__Work item__
Before copying the entries, remove the pictures; everything else stays exactly as it is.
[Dataset extract Boundary: Start]
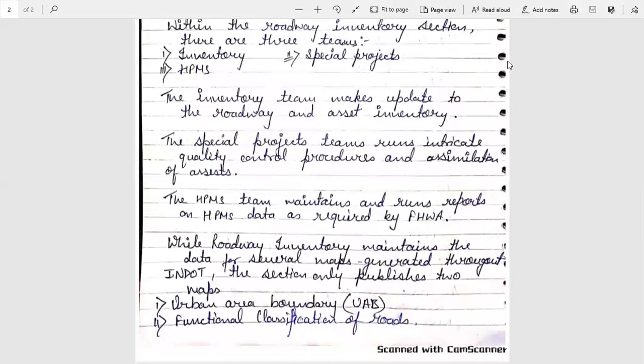While roadway inventory maintains the data for several maps generated through INDOT, the section only publishes two maps: the first is the Urban Area Boundary, and the second is the Functional Classification of Roads. Thank you.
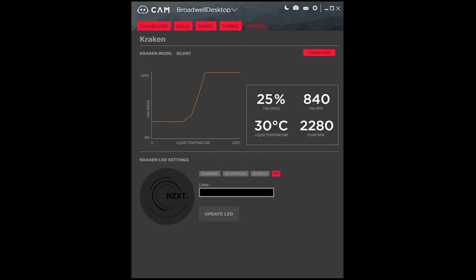And you get the tab that lets you control your all-in-one cooler with the fan curve and LED settings.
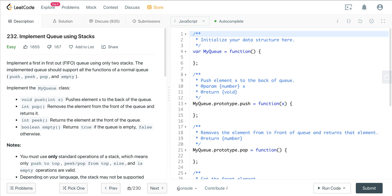Today we are looking at LeetCode number 232, called 'Implement a Queue Using Stacks.' We want to implement a first-in first-out queue using only two stacks. The implemented queue should support all the functions of a normal queue: push, peek, pop, and empty.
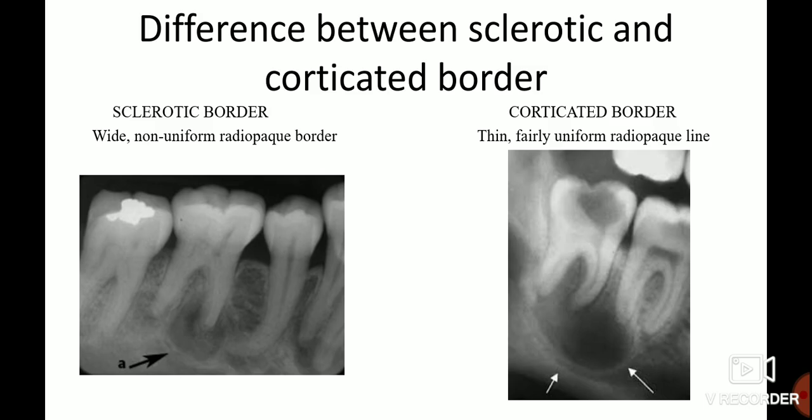Let's have a quick discussion about the borders surrounding the periapical lesion. A sclerotic border is a wide radiopaque border of reactive bone that is usually not uniform in width, whereas a corticated border is a thin, fairly uniform radiopaque line of reactive bone at the periphery of the lesion. If a lesion presents with loss of border, it is suggestive of an infected periapical lesion.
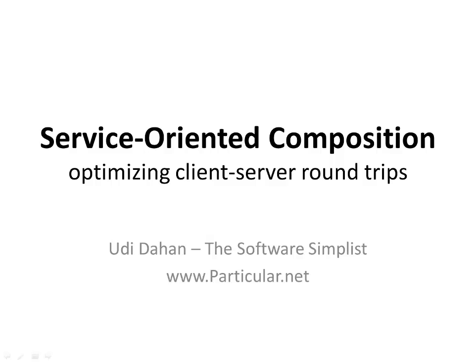Hi there, this is Uri Dahan, here to talk to you about service-oriented composition, focusing specifically on how we can take a loosely coupled, highly autonomous service-oriented architecture, both on the client side and on the server side, and still avoid creating lots of chatty calls between the client and the server. Let's take a look.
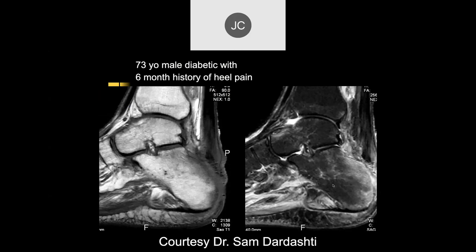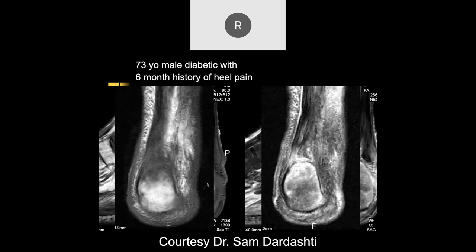We have a 73-year-old male diabetic with a six-month history of heel pain. There's a lot of edema in the posterior calcaneus and it looks like there's a tear of the distal Achilles tendon. There are also some small foci — has there been surgery? No. If there had been surgery, these could be little flecks of metal.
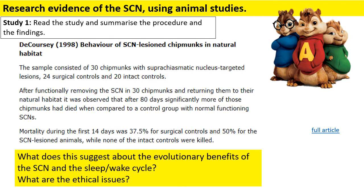Because their SCN was unable to maintain their circadian rhythm, this led to them being killed. The SCN actually provides adaptive benefits and advantages in order for us to survive. It's important that our SCN is intact. Ethical issues include protection from harm - were these chipmunks protected? Were they able to give informed consent? Probably not. These are ethical issues you can pick out for your evaluation. The conclusion is that having a biological rhythm, such as the sleep-wake cycle, does indeed aid survival.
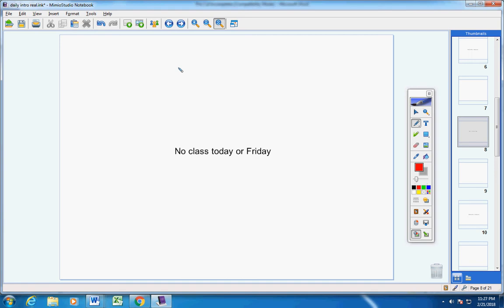So I've made this decision. I hope this will be a help to you and a blessing to you. No class today, no class Friday. Back to work on Monday.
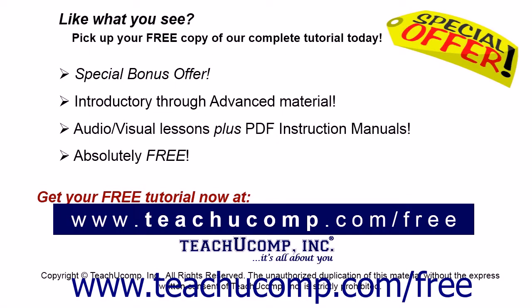Like what you see? Pick up your free copy of the complete tutorial at www.teachucomp.com/free.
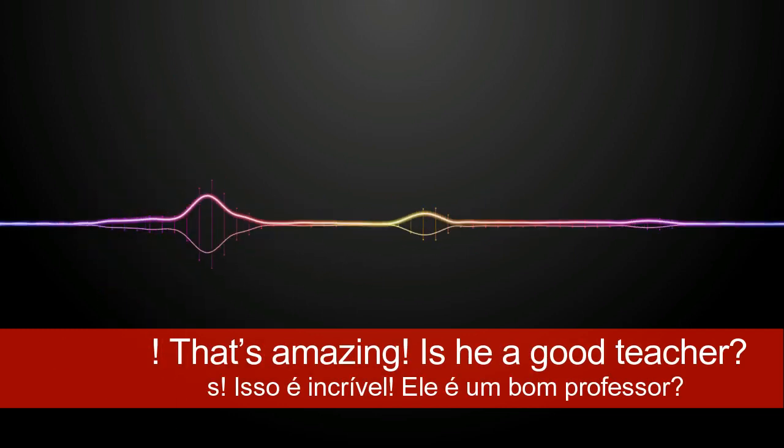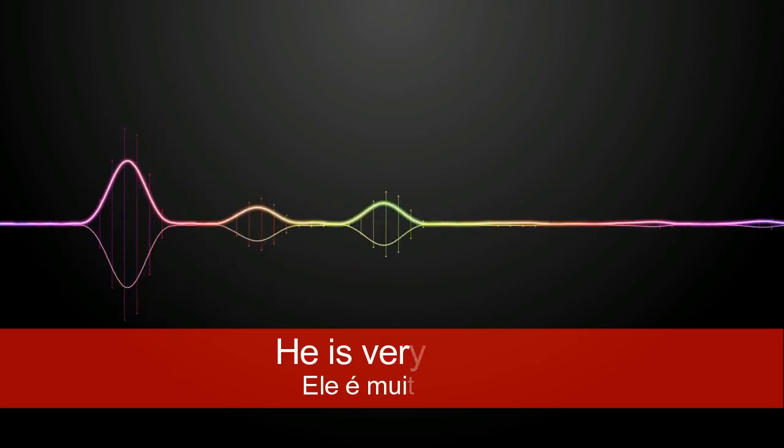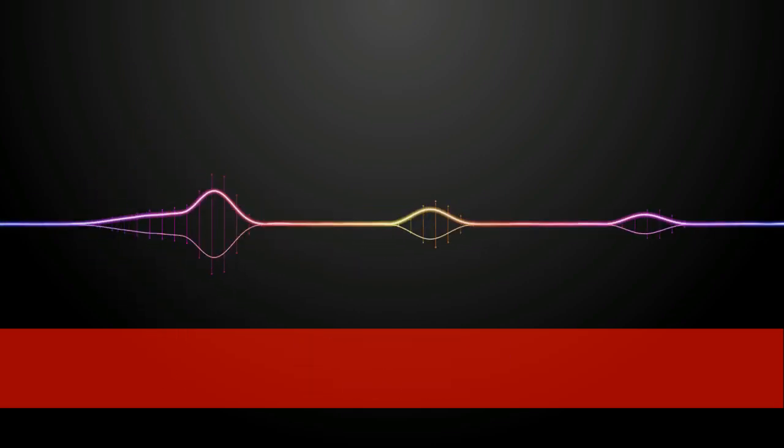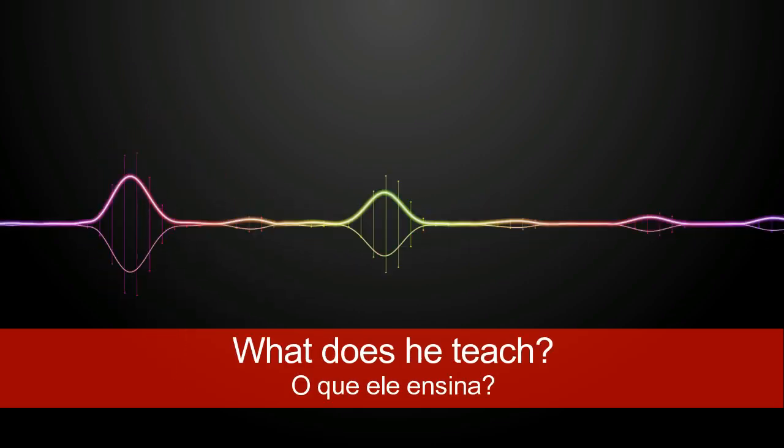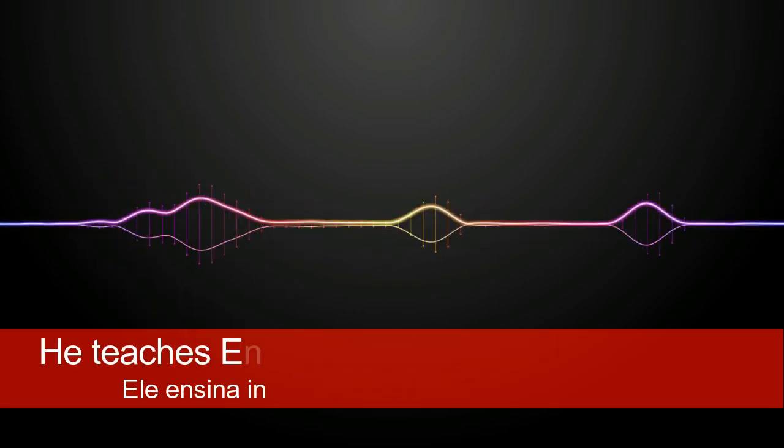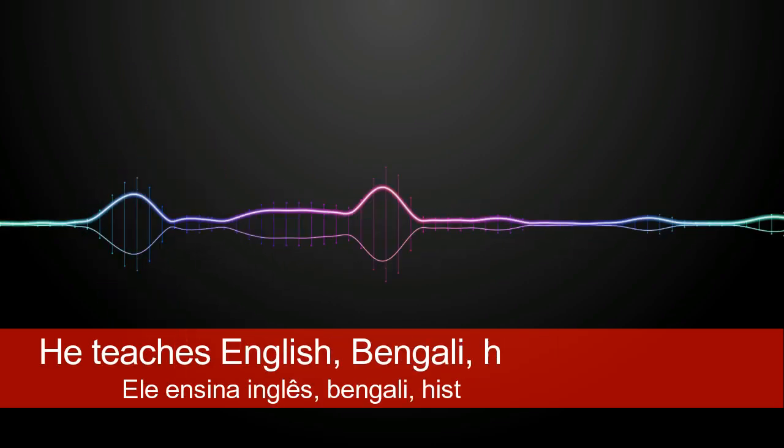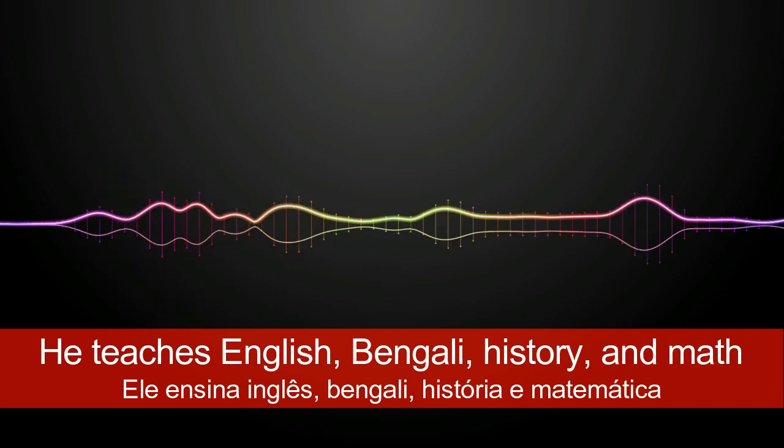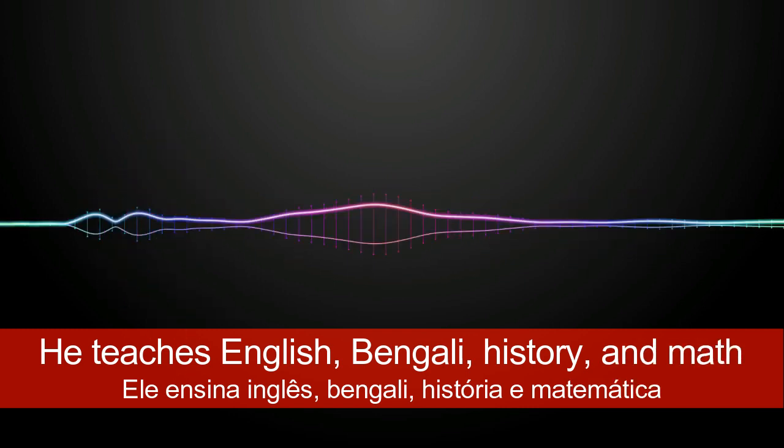Is he a good teacher? He is very good. What does he teach? He teaches English, Bengali, history and math.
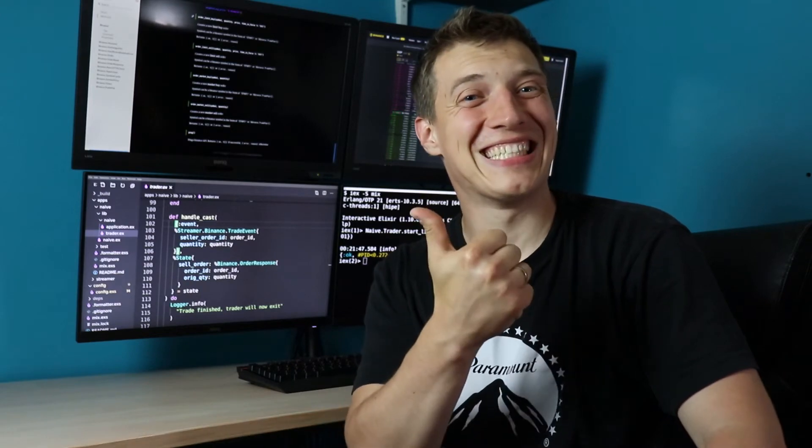Hi everyone, it's Kamil and today we are going to create our first crypto trading strategy in Elixir. If you want to follow along, feel free to read the description below. If you liked the video, leave the thumbs up.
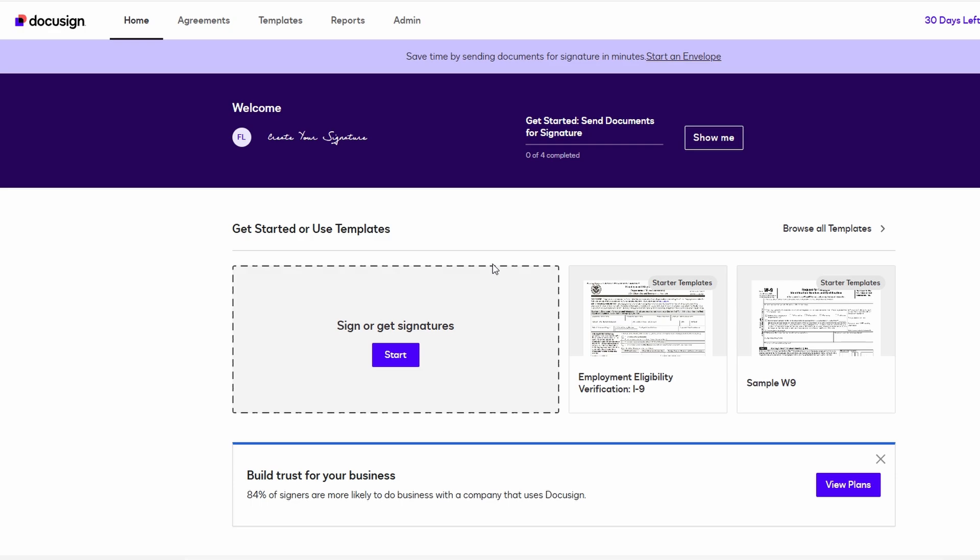Now, this is where DocuSign gets really handy. When you sign a document online, it's important that your signature looks like the one you'd sign on paper. DocuSign makes sure that your e-signature looks professional and authentic.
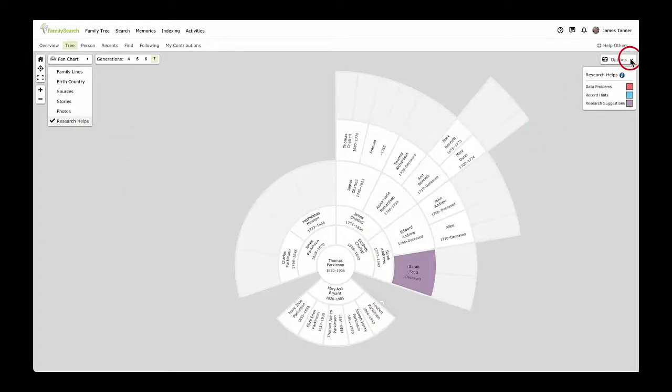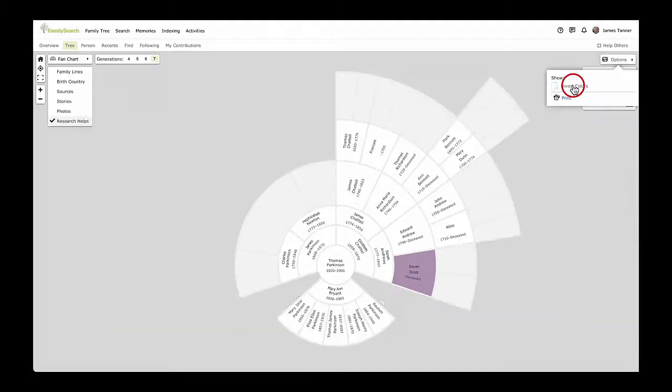Click the Options link to invert the colors or to print a copy of your Fan Chart.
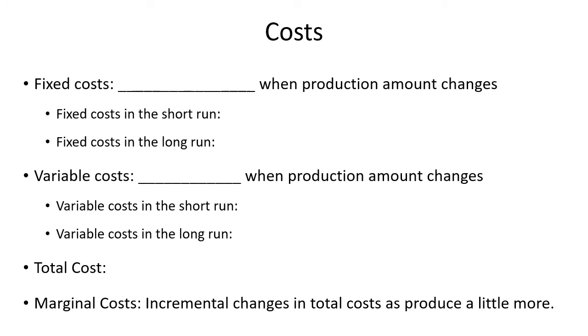There's two main types of costs that we're going to talk about today: fixed costs and variable costs. Fixed costs are costs that do not change as you produce more output.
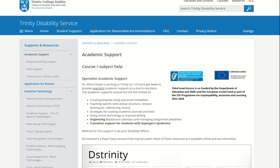There is lots of support available to you from the disability service website, for example advice on essay writing, theses, and also on assistive technology. Above all, please do not hesitate to contact us — we are here to help.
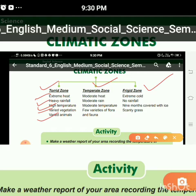Today we discussed three different climatic zones and how they are divided according to the amount of heat and temperature from the sun. There are seven continents and four oceans. This is all about Chapter 5. Thank you, have a nice day.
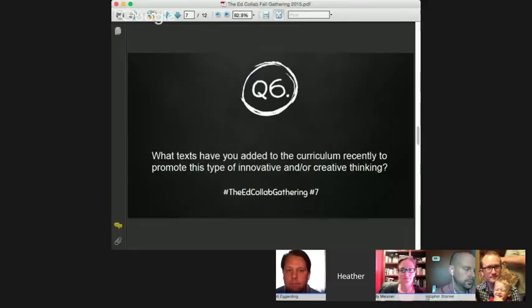That leads really nicely into our next question — I appreciate that, Scott. So we are going to talk about: what texts have you introduced into curriculum recently to promote creative and innovative thinking? What are some of the things that you've added to classrooms and conversations, and if you talk a little bit about what grade level, that would probably be helpful. Emily, who I always love for sharing young adult literature in particular.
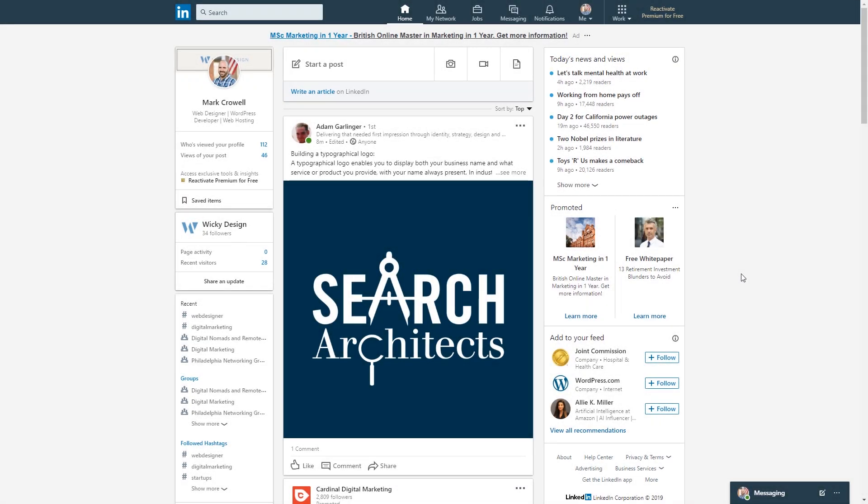Hey guys, this is Mark from Wikidesign. In today's quick video, I'm going to show you how I consistently get solid leads through LinkedIn.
[Dataset extract Boundary: End]
__Exercise response__
While roadway inventory maintains the data for several maps generated through INDOT, the section only publishes two maps: the first is the Urban Area Boundary, and the second is the Functional Classification of Roads. Thank you.
And you get the tab that lets you control your all-in-one cooler with the fan curve and LED settings.
Today we are looking at LeetCode number 232, called 'Implement a Queue Using Stacks.' We want to implement a first-in first-out queue using only two stacks. The implemented queue should support all the functions of a normal queue: push, peek, pop, and empty.
Let's have a quick discussion about the borders surrounding the periapical lesion. A sclerotic border is a wide radiopaque border of reactive bone that is usually not uniform in width, whereas a corticated border is a thin, fairly uniform radiopaque line of reactive bone at the periphery of the lesion. If a lesion presents with loss of border, it is suggestive of an infected periapical lesion.
Hi there, this is Uri Dahan, here to talk to you about service-oriented composition, focusing specifically on how we can take a loosely coupled, highly autonomous service-oriented architecture, both on the client side and on the server side, and still avoid creating lots of chatty calls between the client and the server. Let's take a look.
We have a 73-year-old male diabetic with a six-month history of heel pain. There's a lot of edema in the posterior calcaneus and it looks like there's a tear of the distal Achilles tendon. There are also some small foci — has there been surgery? No. If there had been surgery, these could be little flecks of metal.
Because their SCN was unable to maintain their circadian rhythm, this led to them being killed. The SCN actually provides adaptive benefits and advantages in order for us to survive. It's important that our SCN is intact. Ethical issues include protection from harm - were these chipmunks protected? Were they able to give informed consent? Probably not. These are ethical issues you can pick out for your evaluation. The conclusion is that having a biological rhythm, such as the sleep-wake cycle, does indeed aid survival.
So I've made this decision. I hope this will be a help to you and a blessing to you. No class today, no class Friday. Back to work on Monday.
Like what you see? Pick up your free copy of the complete tutorial at www.teachucomp.com/free.
Is he a good teacher? He is very good. What does he teach? He teaches English, Bengali, history and math.
Hi everyone, it's Kamil and today we are going to create our first crypto trading strategy in Elixir. If you want to follow along, feel free to read the description below. If you liked the video, leave the thumbs up.
Now, this is where DocuSign gets really handy. When you sign a document online, it's important that your signature looks like the one you'd sign on paper. DocuSign makes sure that your e-signature looks professional and authentic.
Click the Options link to invert the colors or to print a copy of your Fan Chart.
There's two main types of costs that we're going to talk about today: fixed costs and variable costs. Fixed costs are costs that do not change as you produce more output.
There is lots of support available to you from the disability service website, for example advice on essay writing, theses, and also on assistive technology. Above all, please do not hesitate to contact us — we are here to help.
Today we discussed three different climatic zones and how they are divided according to the amount of heat and temperature from the sun. There are seven continents and four oceans. This is all about Chapter 5. Thank you, have a nice day.
That leads really nicely into our next question — I appreciate that, Scott. So we are going to talk about: what texts have you introduced into curriculum recently to promote creative and innovative thinking? What are some of the things that you've added to classrooms and conversations, and if you talk a little bit about what grade level, that would probably be helpful. Emily, who I always love for sharing young adult literature in particular.
Hey guys, this is Mark from Wikidesign. In today's quick video, I'm going to show you how I consistently get solid leads through LinkedIn.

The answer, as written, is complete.